Him:  “Fine. Then leave.”

Me:  “But, I don’t want to leave.  The kids and I love you.  We WANT you in our lives. And I’m angry too.  I hurt too.  But, we need to figure out how to get through this…for ours and their sake.”

“Oh, so it is OK for you to be angry but not me?”

“No…the difference is – You, right now, this is NOT the man she made. She changed you and you can’t let her death keep you mad.  She loved us and we loved her but we need to get through this anger stage and figure out how to manage it. For our relationship and for our children. ”

(him choking up, near tears) “You are right, I AM angry. She was one of the loves of my life and she’s gone.  I can’t bring her back and there isn’t a damn thing I can do about it and it hurts like hell.”

Silence.  Me holding back tears to once again see this man hurting so badly and not being able to fix it.

“Let’s work through this…we CAN work through this.  I’m mad too. I love her too and I miss her too and I’m angry too. But we can’t be angry forever…it doesn’t do anything to bring her back. So, let’s figure this out or we have to figure out how to do this on our own – without each other. But, I don’t think that’s what either of us want.”

“I love you and the kids too and I don’t like being like this.  It just hurts.”

“I get it…if anyone gets it  – its me…so let’s move forward.  Differently.”

Beyond the struggles there have been the in-depth conversations about what is important in life.

Dreams to pursue because you only live once.  How I told him after she died that should I find something I can be passionate about, it was now MY turn to do what I loved.  What made me feel purpose.

Who we want to invest our time in because bad energy is wasted energy. And we use most of our energy just moving forward.

What nonsense and drama we don’t want to filter through our lives anymore.

What matters to us. To our kids.  To our family unit.

We laugh. We joke.  We talk about her and we still cry about her.

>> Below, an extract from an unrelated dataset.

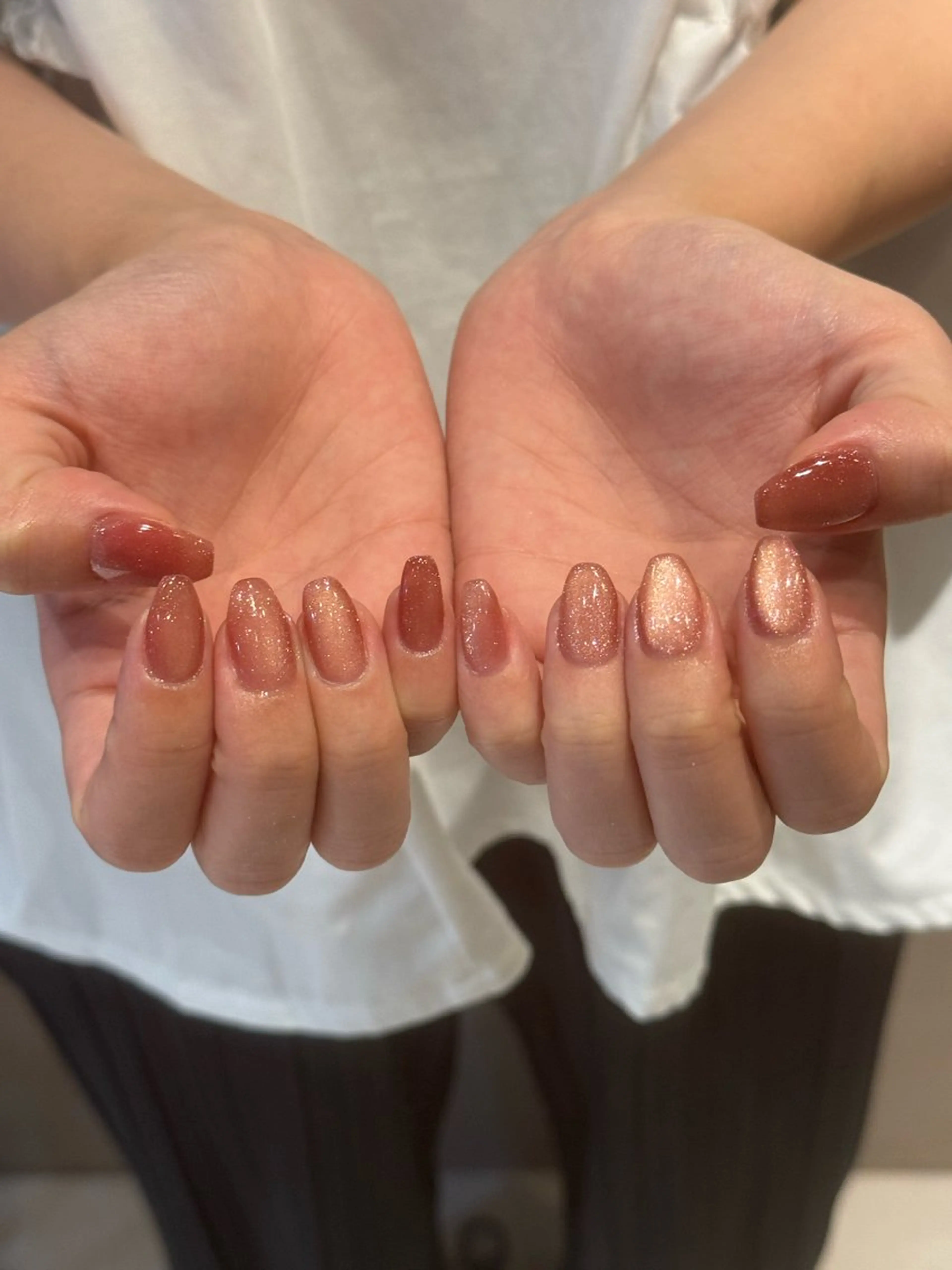 ネイル マグネットネイル 赤色 ハンドネイル filonnail momoeのネイルデザイン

You get it.  These conversations (while I leave a lot out) haven’t all been easy. The emotions haven’t always been the ones you see when I am smiling on the outside.

But many might be shocked at what conversations we’ve had.  How intimate they are at times and with emotion – good, bad or different – we lay it all out on the table.

The point is this:  Never assume you know what is going on.  Never think that you understand or can begin to understand the depths of grief.

As I said this weekend to a few girls – loss is loss but what happens behind closed doors is something you’ll never be privy to or understand.  It is different for everyone.  It is something you can’t even pretend to know.

Society loves the hero story.  They see people crumble but they find it hard to even think someone is still living in the depths of despair.  They want to see the rising of the weak to become better than ever before.

I’d say for our family – we’ve embodied that vision society has quite well.  Tom has opened anther business.  I work in a field I am completely and utterly passionate about.  I am raw and open about the challenges of grief but yet moving forward valiantly.  Tom and I are good – we talk.  We work through things. We love each other.    It seems right to the world.  And for the most part it is truly our story….right now.

But, you have no idea what has gone on and goes on behind closed doors to get here.

I told my husband what the person said about not getting a return call so thought they weren’t needed.  I then followed up by saying I told them how hard it was for us after she died.  He quickly replied “it still is.  Every day.”

I’m thankful my husband and I can have our candid conversations.  It is real. Raw and sometimes super hard.  But, we’ve built this foundation of being honest with ourselves and sometimes saying or hearing things that aren’t easy.  But that’s what has got us through.   And I’d like to say her love and lessons showed us how to be who we are because everything about her life and her death are real.

Grief is forever.  It doesn’t have a timetable nor does needing support for that grief.  As much as it may the appear the journey is OK or that someone is all put together – don’t assume you know what’s going on behind closed doors.  It is work, love and all the in between to get where we are each day.  Rising.  Doing.  Being.  And most of all still remembering.